We don’t just wake up one day and suddenly no longer have any implicit biases or internalized isms. We may wake up one day and suddenly be aware of a lot of these biases and ~isms. And being aware of them and removing them from our being are two very different things.

This is why I now only have online groups or circles that are six months or longer. And it is why all my in-person work is for a minimum of three months.

Because this work takes time. And we need the space. We need space for the stops and starts. We need space to allow some work to settle before moving on to the next. We need space to experiment and try different things to see what fits us and what doesn’t.

Connecting to our consent and boundaries, and learning how to respect and honor the consent and boundaries of others takes time. In a “good enough” family dynamic, it takes about 20 years (the span from infancy to young adulthood). And so, if we are only beginning to dive into this work, we have however many years we’ve been alive worth of training and conditioning to unravel on top of actually learning what boundaries actually feel like in our bodies and how to honor them.

This is not to say we can’t learn some things quickly. We can. Absolutely. And “quickly” is a relative term. Six months is quickly in my book. And a LOT can be unlearned and relearned in that amount of time.

This is why Isabel Faith Abbott and I decided to have our collaboration, Body of Consent, have a six month duration. Because we want to take the time to truly get into this work, to allow space for the mess and exploring and experimenting. To give time for the retreating and coming back to it. To truly practice and get into our skin and being what boundaries and consent feel like and know when our own is being crossed and when we are crossing that of another.

And it is a commitment. A commitment to this work. A commitment to learning and unlearning. A commitment to understanding and feeling and knowing that we are all in this work for the long haul.

If this sounds like your next steps, if this sounds like a way for you to commit to the work of healing and shifting and unlearning and relearning, we’d be honored to have you join us.

You can learn more and register at http://gwynnraimondi.com/bodyofconsent

Speaking up and out

We are not jackass whisperers. This is perhaps one of my most favorite sayings ever (I heard the original quote through Brene Brown who was quoting Scott Stratten ). What this means to me is: knowing when to just walk away from a discussion.

This used to look like, for me, smiling and nodding and giving the impression that I agree with whatever bullshit a person is spewing. As I have grown older I smile and nod less and less and since November 8th the smiling and nodding is pretty much non-existent.
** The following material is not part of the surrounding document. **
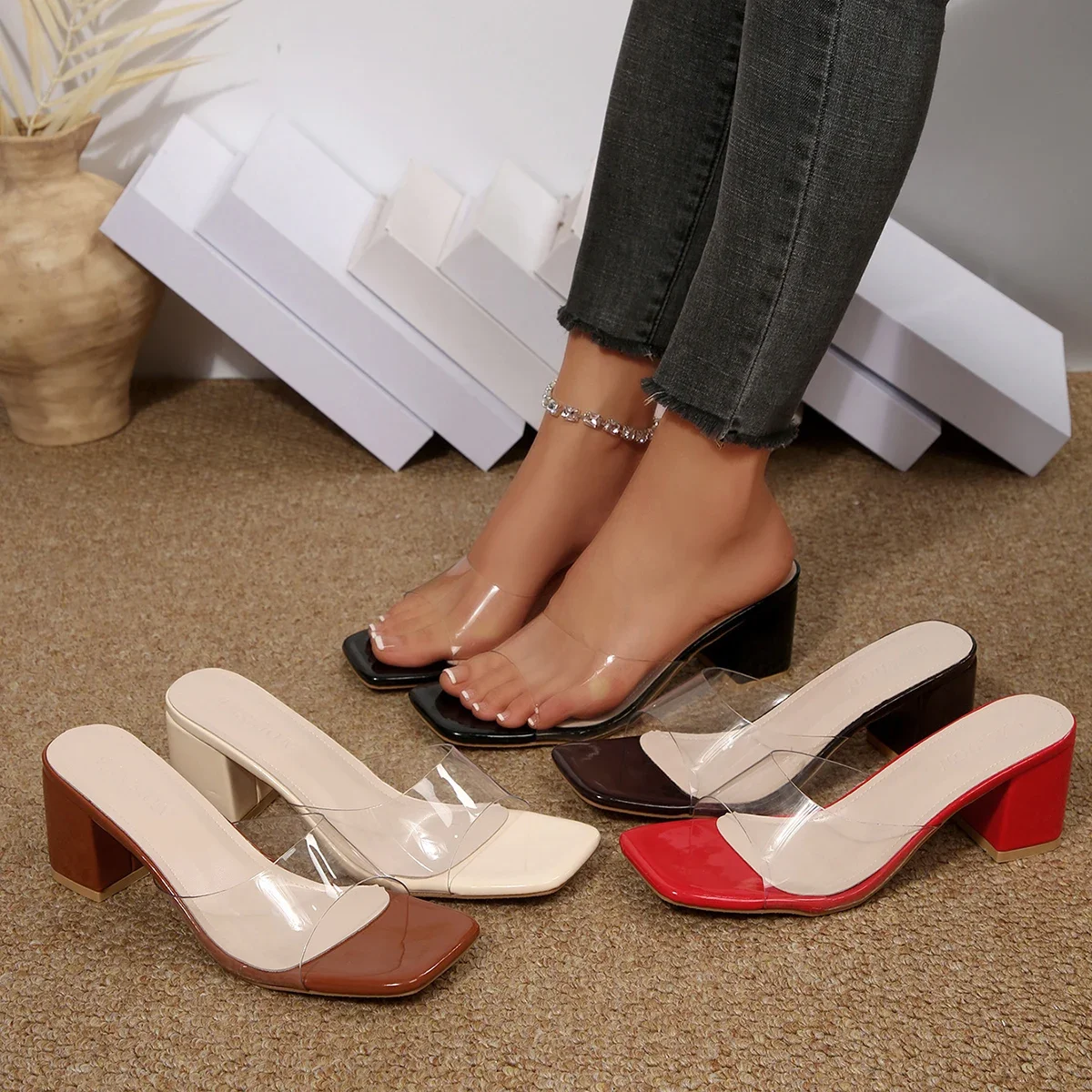 Женские босоножки на высоком каблуке, модные сандалии на мелкой платформе с квадратным носком, элегантная дизайнерская обувь, женская однотонная обувь Zapatos De Mujer, 2025 г.
Женские босоножки на высоком каблуке, модные сандалии на мелкой платформе с квадратным носком, элегантная дизайнерская обувь, женская однотонная обувь Zapatos De Mujer, 2025 г.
And I do still walk away. And part of this is because I also have a tendency to do a total mean girl smack down, especially when it’s a topic I’m actually an expert about. And I haven’t found a way to be very clear about what I know and stating the facts without doing a lot of undertone of “you are total idiot for not knowing this.”
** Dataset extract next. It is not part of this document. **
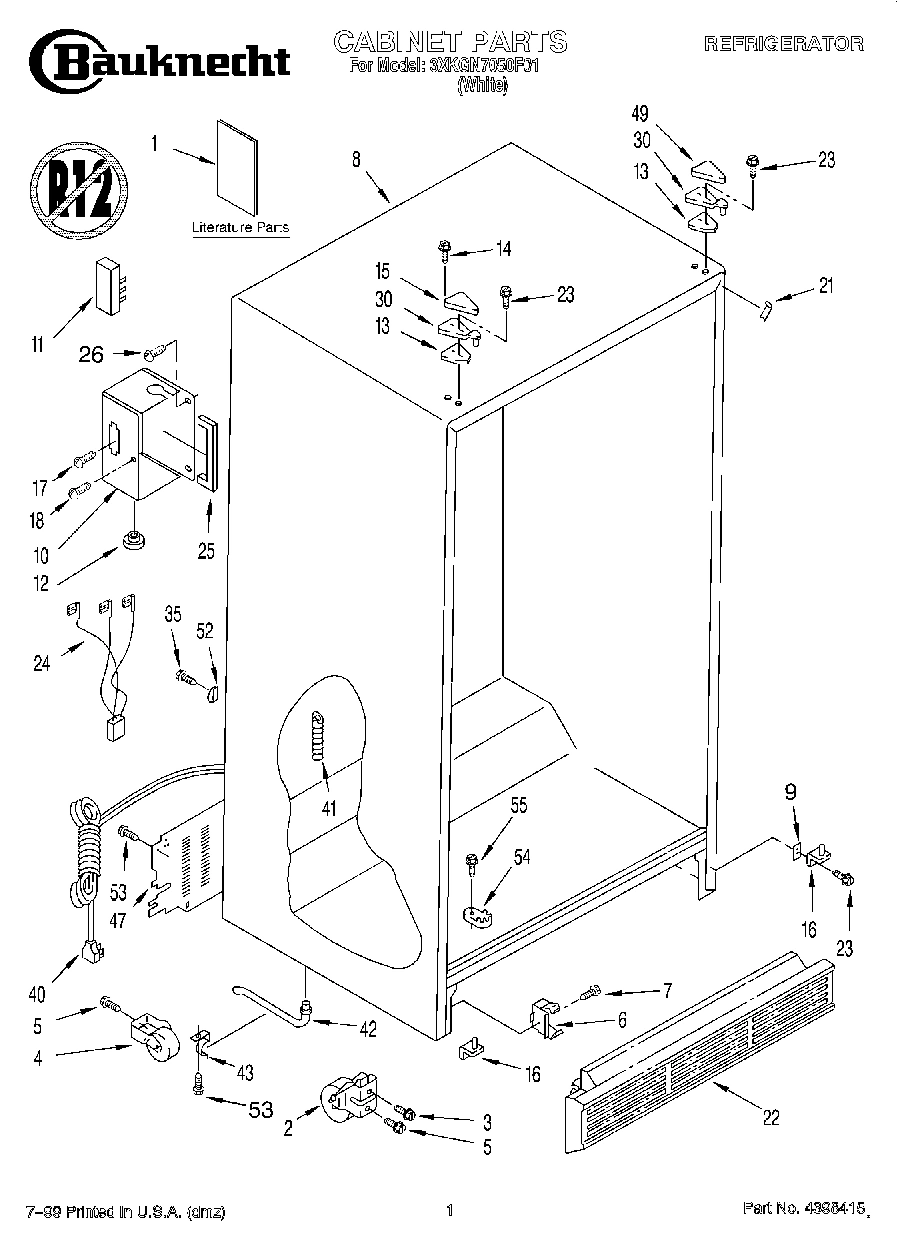 01 - CABINET, LITERATURE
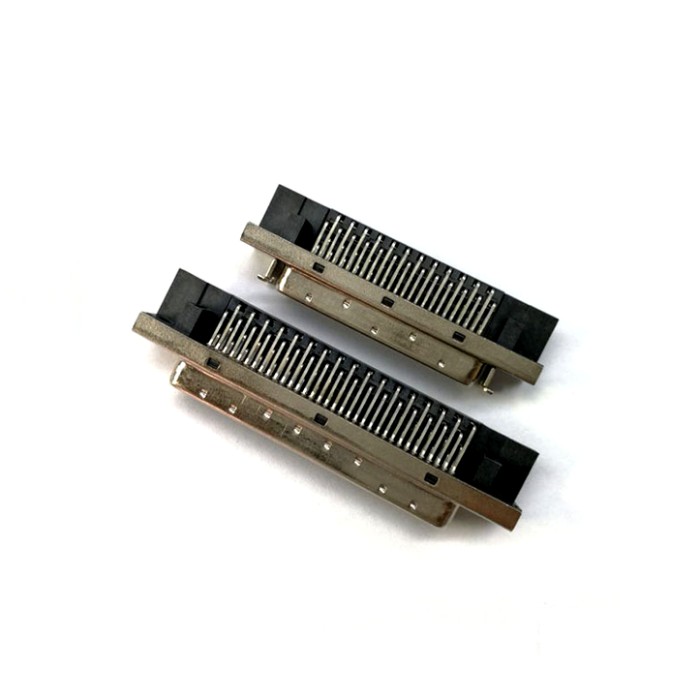 SCSI - CN 50P Male Right Angle DIP Network Waterproof Electrical Connector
I’m learning. I’ll get there. So, in the name of not being a bully I just walk away.

But.

Really, what I’m realizing as I’m writing this, is that this doesn’t really serve anyone either. That people making statements like “Sure there are facts, but we can disagree with the facts” is something we really need to be very clear about calling bullshit on.
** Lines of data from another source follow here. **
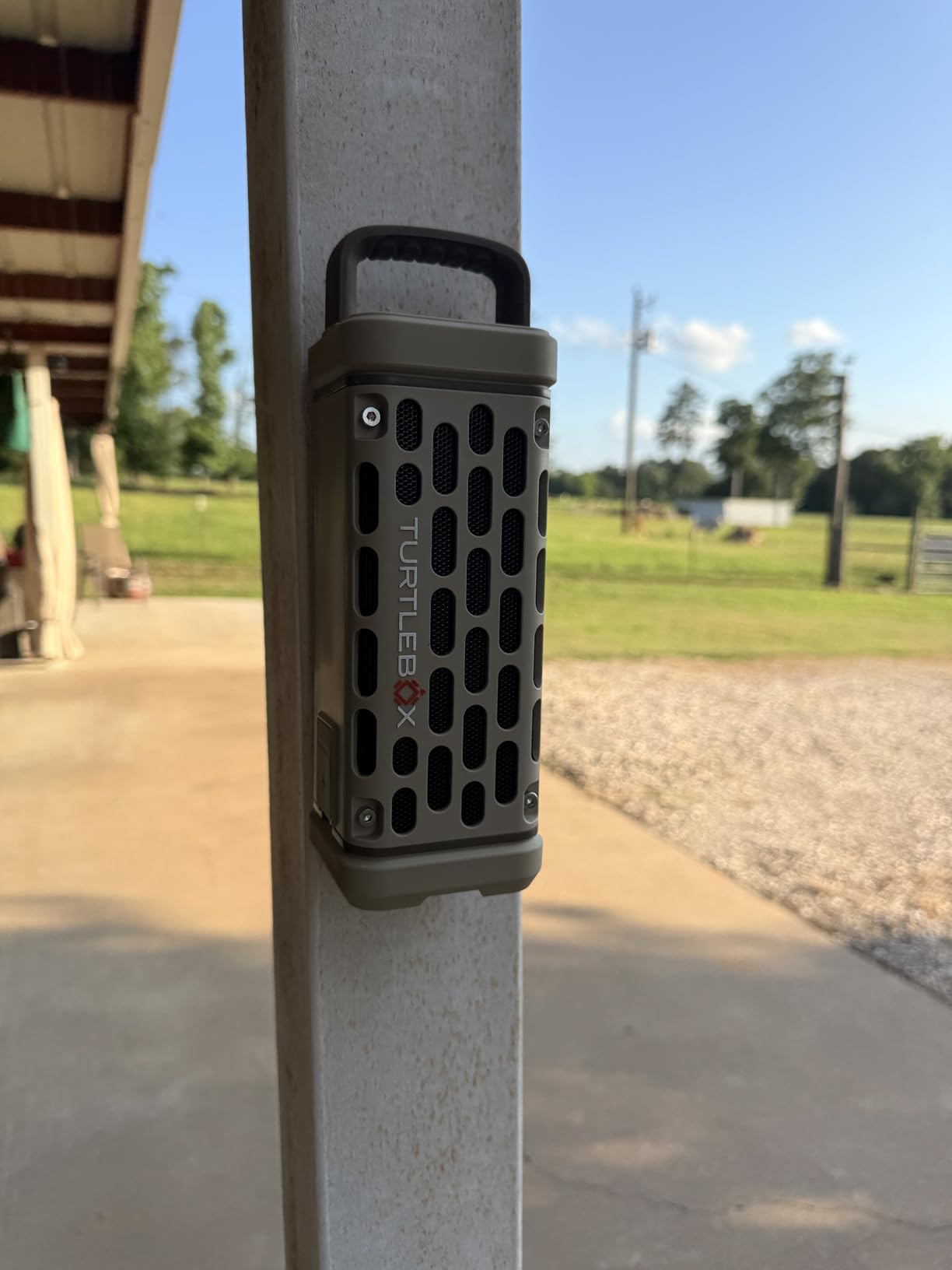 Turtlebox Ranger: Loud! Outdoor Portable Bluetooth 5.4 Speaker | Rugged, Waterproof, Ultra-Portable | Plays to 105db, Deep Bass, Shockproof, Unlimited Pairing for Full Stereo Experience, Tan customer photo 2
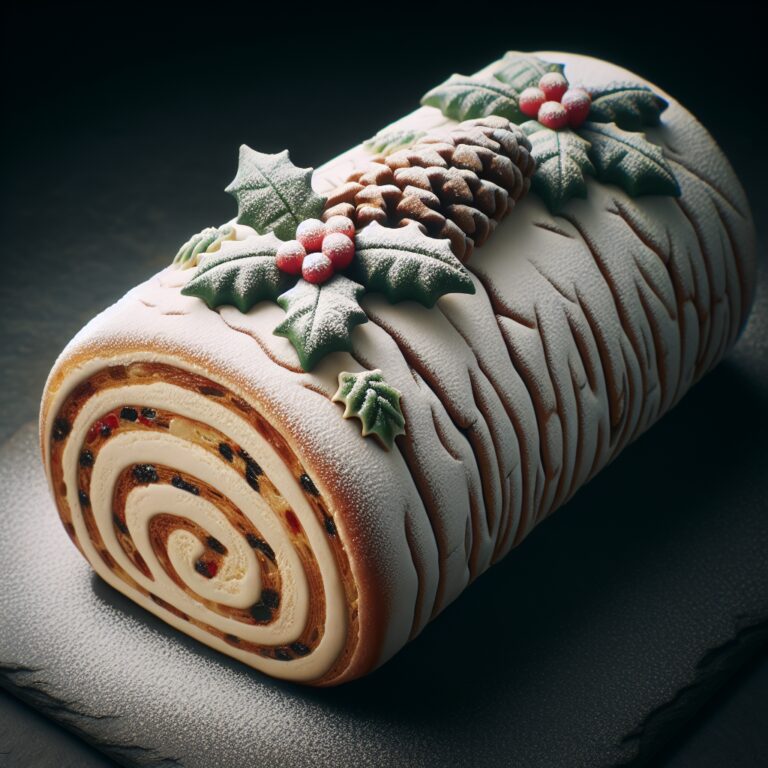 Bûche de Noël – Nationalgericht aus Frankreich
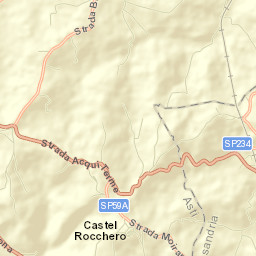 Castel Rocchero Street Map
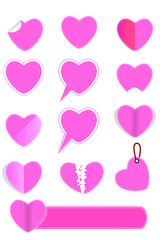 Various model of Pink Love Shape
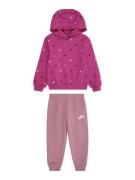 Nike Sportswear Joggingdragt  magenta / gammelrosa / sort / hvid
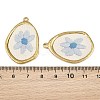 304 Stainless Steel & Embroidered Pendants SA-CBA1ED9-13G-3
And perhaps, what I’m more worried about is coming off like a bitch or a know it all or as rude or as impolite. Maybe it’s not about being a bully at all. Maybe it’s about being a Good Girl.

So many fucking layers to this cultural training we receive. So much for all of us to unravel. Me included.

There are so many ways we silence ourselves. There are so many ways that we each remain complicit in and compliant in the status quo. There are so many ways we each allow oppression, of ourselves and of others. And there are layers and layers and layers for each of us to unearth and unravel and dismantle and dislodge.

So, here’s to the messy and uncomfortable and not really fun at all work of unearthing and unraveling and dismantling and dislodging. Because it is the only way we’re ever going to tear all this shit down.

In rebellious solidarity and love. Always.